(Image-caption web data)
**********
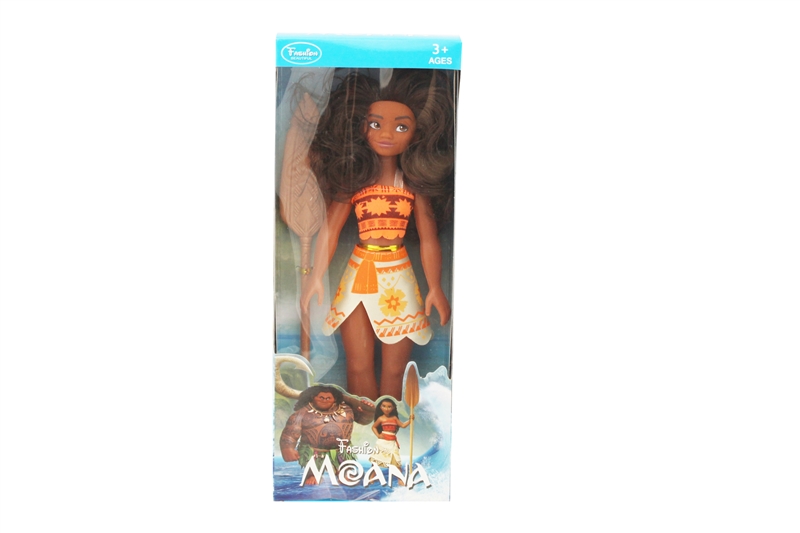 11.5 INCH EMPTY BODY DOLL WITH QUANT - HP1096768
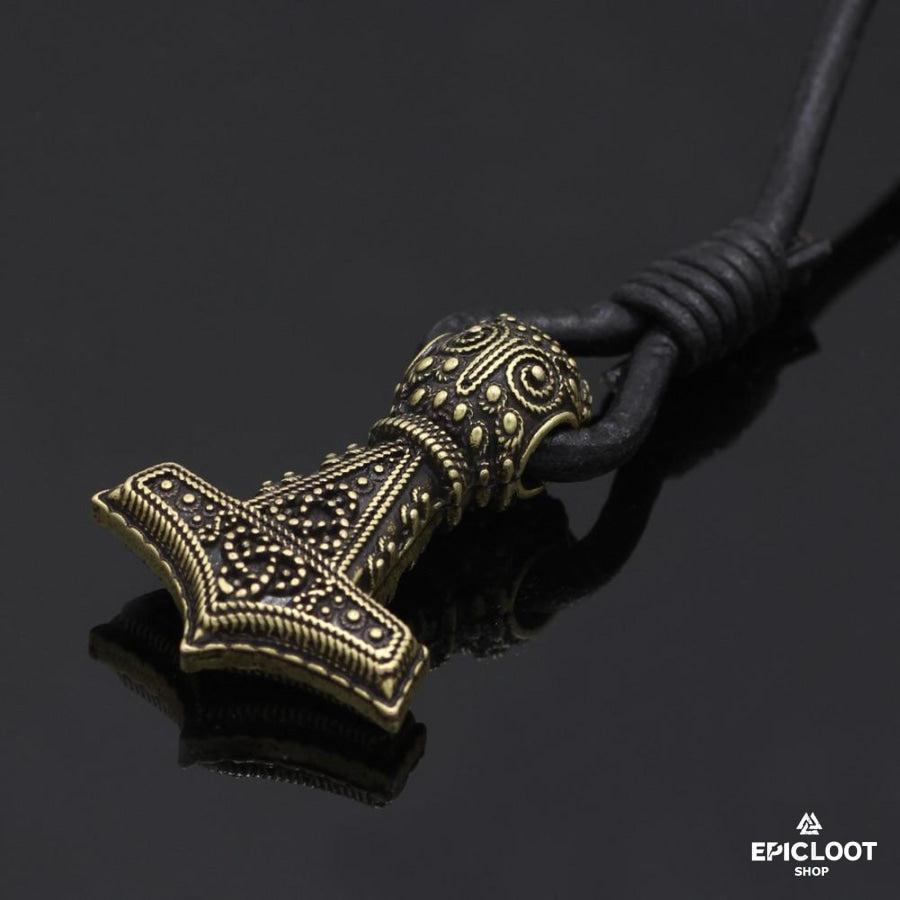 Antique Mjolnir Thor hammer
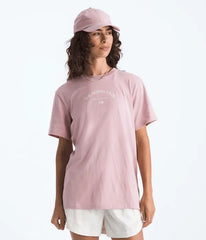 Women’s Home Relaxed Short-Sleeve Tee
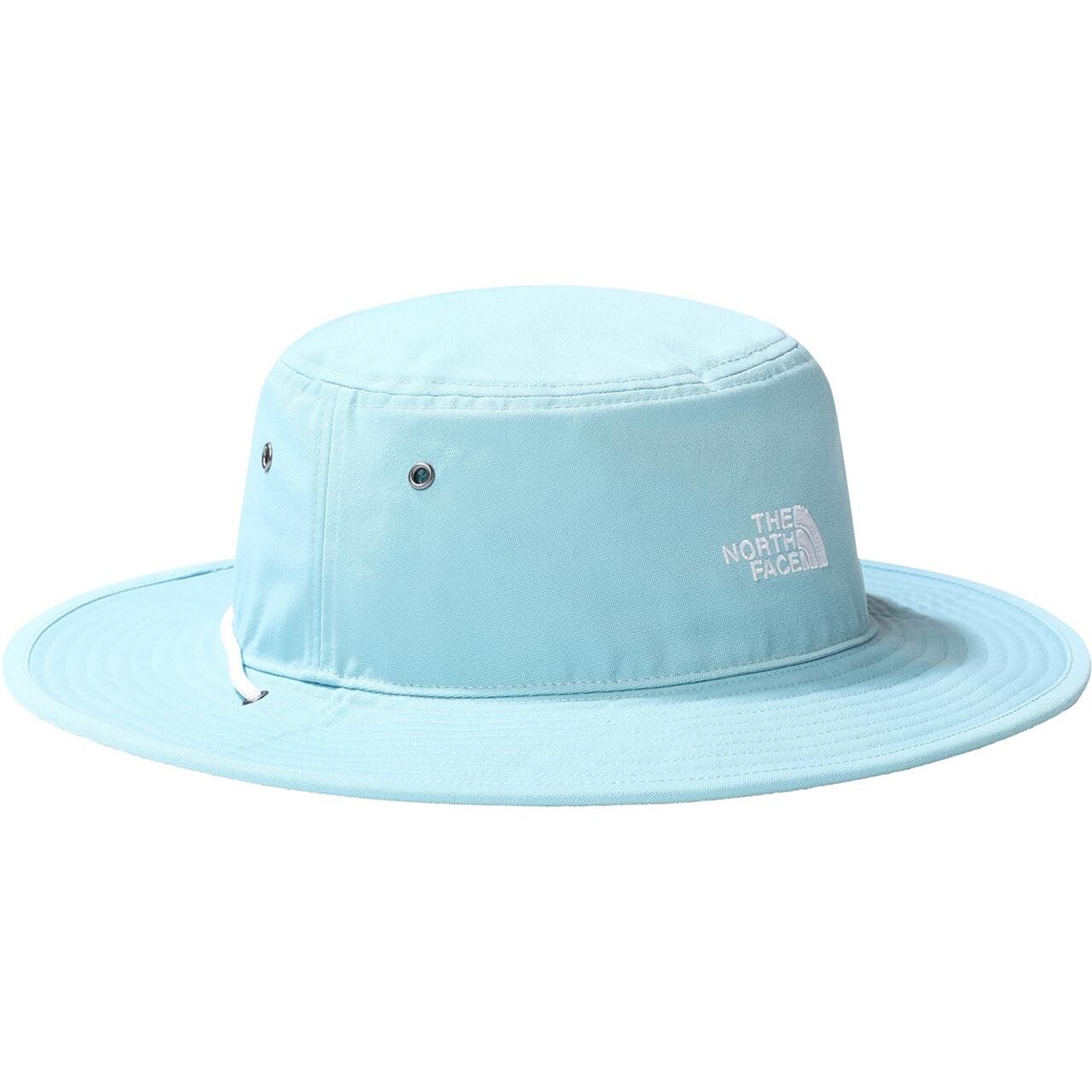 Blå (REEF WATER The North Face Recycled Brimmer Blå Reef Waters Large Large - The North Face Caps  - 196010699782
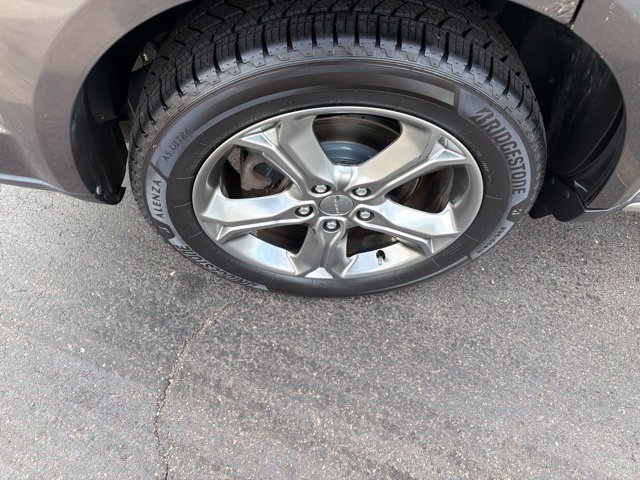 Used 2016 Dodge Journey Crossroad w/ Rear Seat Video Group AWD/4WD image 10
**********
* [ASSIGNED TASK]
Leaving the pictures behind, return every line above exactly.

* [RESULT OF THE TASK]
 11.5 INCH EMPTY BODY DOLL WITH QUANT - HP1096768
 Antique Mjolnir Thor hammer
 Women’s Home Relaxed Short-Sleeve Tee
 Blå (REEF WATER The North Face Recycled Brimmer Blå Reef Waters Large Large - The North Face Caps  - 196010699782
 Used 2016 Dodge Journey Crossroad w/ Rear Seat Video Group AWD/4WD image 10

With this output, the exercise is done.